Lesson the first, be descriptive. If you run into an ignorant fool, you could call him a daft sprog who couldn’t find the sharp end of a sword. If you wish to insult someone, ten words are better than two. I could tell a blackguard to bugger off, but it be far more threatening to tell them that unless they leave me be I’ll strip ’em, bind ’em and keelhaul ’em. (If you’ve no idea what keelhauling be, you can turn to Google, or accept that it be far worse a punishment than walking a plank. Which by the by, only brethren of the fictional kind dole out)
Lesson the second, it’s arrr. Argh be what the round boy with the beagle say. Yarr be an acceptable alternative.
Lesson the third, if you can’t find words, a threatening scowl will do.
Lesson the fourth… where be the rum?
Now, if you be a pirate parent looking for some fun with the littler members of your crew, don’t be afeard that it be too scary for the likes of them. Pirates need to learn about navigating- so it’s a fine time to teach your sprogs about the stars and the points of a compass. You can always bury treasure in yer yard and leave them a treasure map. (Or you can hide the treasure in the house if you worry about what they might do with shovels!)
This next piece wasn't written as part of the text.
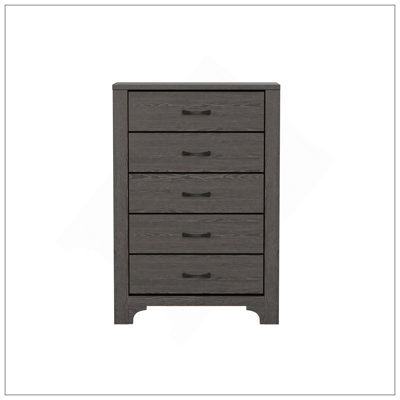 Brown 5-Drawer Chest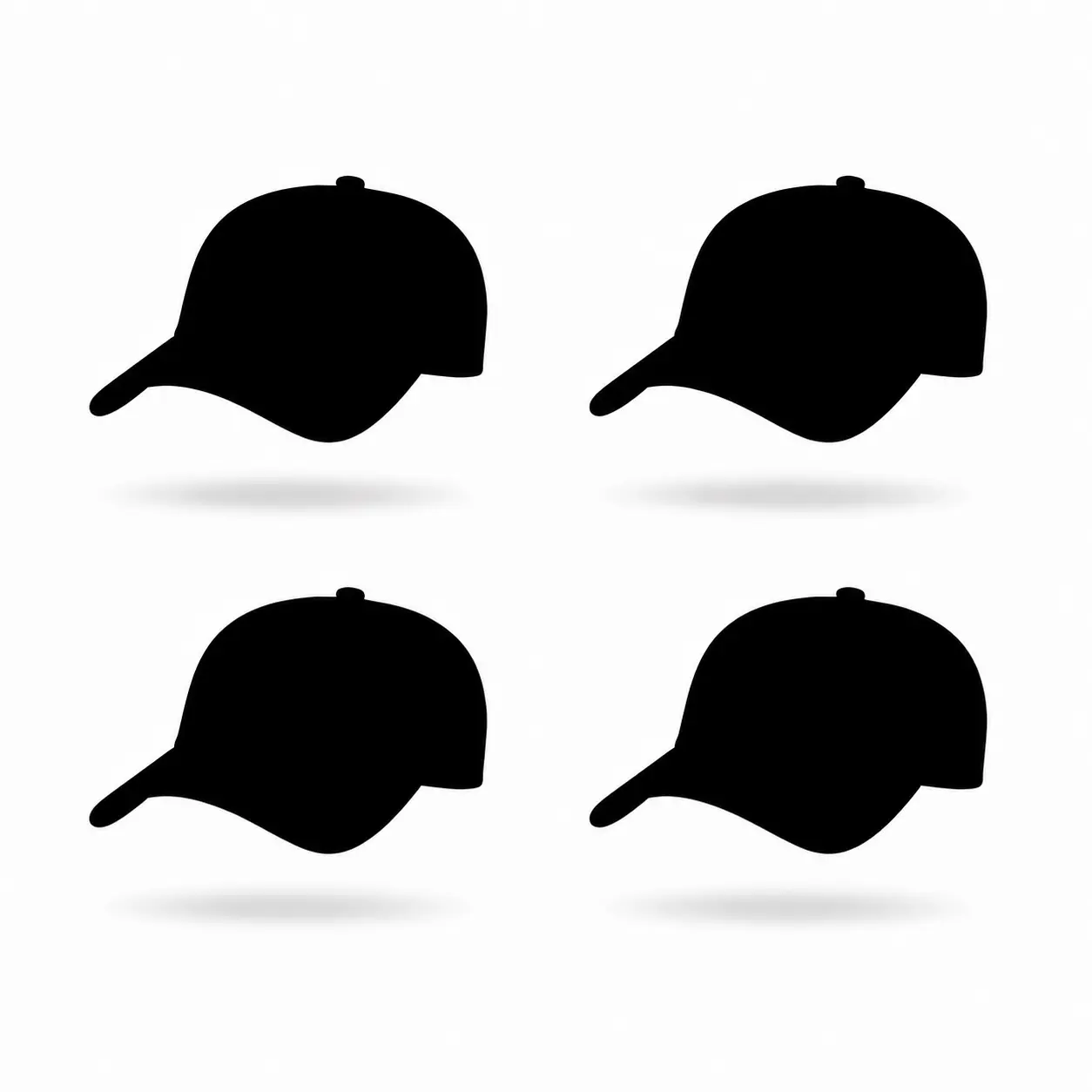 4 HATS PREMIUM (4 Hats, 1 Box, 1 DustBag, 4 Clips)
If yer crew be older, it’s a fine time to teach them about the rules that pirates lived by. You only became a Captain of a ship if you proved yerself to the crew- it came by a vote. An’ pirates even had an insurance plan o’ sort- you were compensated if you lost a limb in battle. Pirate crews were one of the few places that had no borders. Didn’t matter where ye hailed from, so long as ye did the work. (An’ despite what they say, it weren’t too unusual for women to take to the seas. Though usually it were as merchant sailors)
And just because, here be a picture o’ me dressed like Jack Sparrow. Years ago, TheBoy made plans to be Sparrow for All Hallow’s Eve. As fate would have it, he were unable to attend the party, so instead, I drank some rum and wore the wig.